■ Exercise directions: Your answer should be the lines below from the one with "1974 Moltonville Rd, Clinton, NC 28328" to the one with "یک خوابه سوئیسی کاژه ۲", both included, given again exactly and with nothing added.

■ Data provided:
===
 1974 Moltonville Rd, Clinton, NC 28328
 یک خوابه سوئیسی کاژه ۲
===
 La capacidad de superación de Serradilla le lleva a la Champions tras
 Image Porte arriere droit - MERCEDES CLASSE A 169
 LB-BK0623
===
■ Exercise result:
 1974 Moltonville Rd, Clinton, NC 28328
 یک خوابه سوئیسی کاژه ۲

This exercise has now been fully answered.